-- PROBLEM TO SOLVE --
Output, exactly as written, the lines below from the one that has "sylvain guiltoli eugene" through the one that has "MacLean of Duart"; nothing else, and no pictures.

-- DATA --

──────────────────────────────

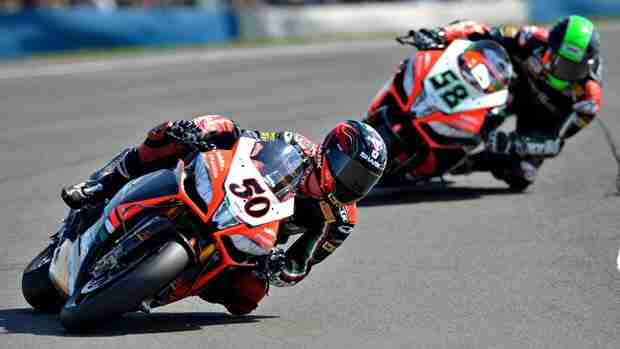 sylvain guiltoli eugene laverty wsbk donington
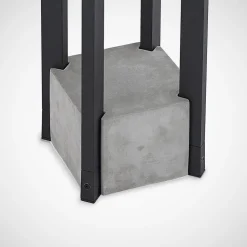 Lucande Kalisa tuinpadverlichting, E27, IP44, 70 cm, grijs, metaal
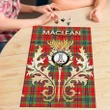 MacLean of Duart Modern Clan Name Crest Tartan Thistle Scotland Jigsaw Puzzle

──────────────────────────────

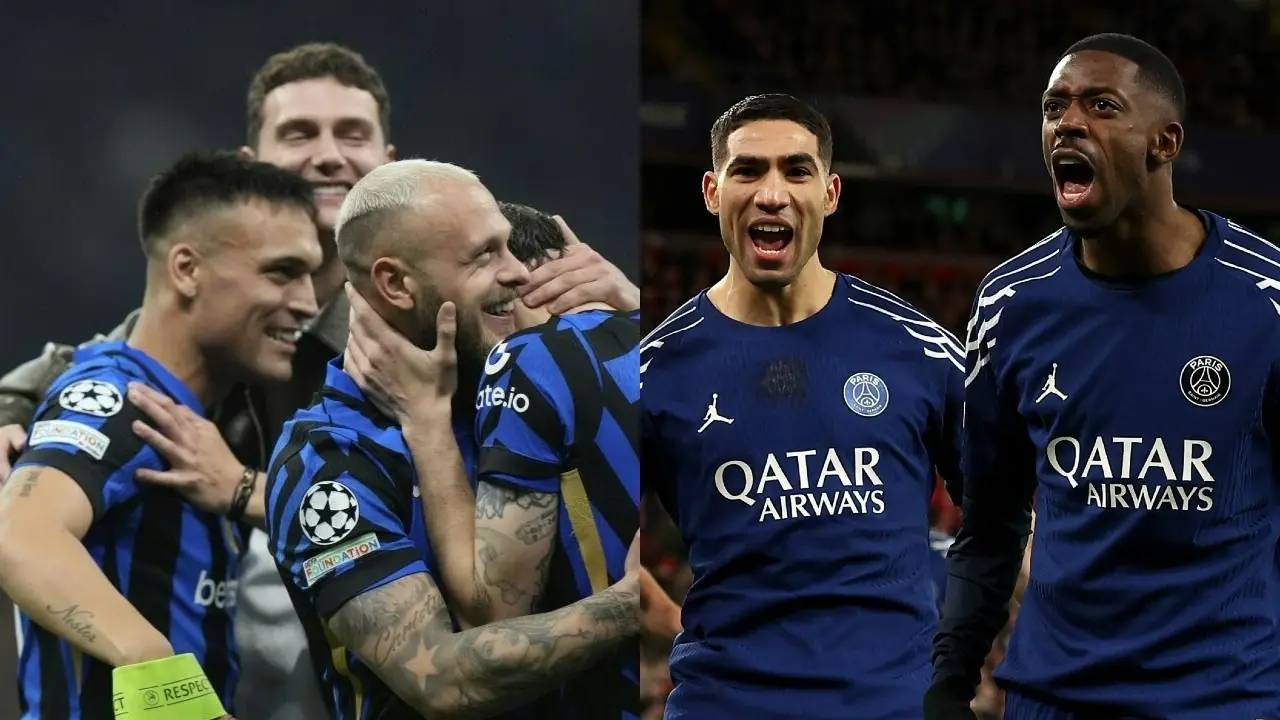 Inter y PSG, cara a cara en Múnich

──────────────────────────────

-- OUTPUT --
 sylvain guiltoli eugene laverty wsbk donington
 Lucande Kalisa tuinpadverlichting, E27, IP44, 70 cm, grijs, metaal
 MacLean of Duart Modern Clan Name Crest Tartan Thistle Scotland Jigsaw Puzzle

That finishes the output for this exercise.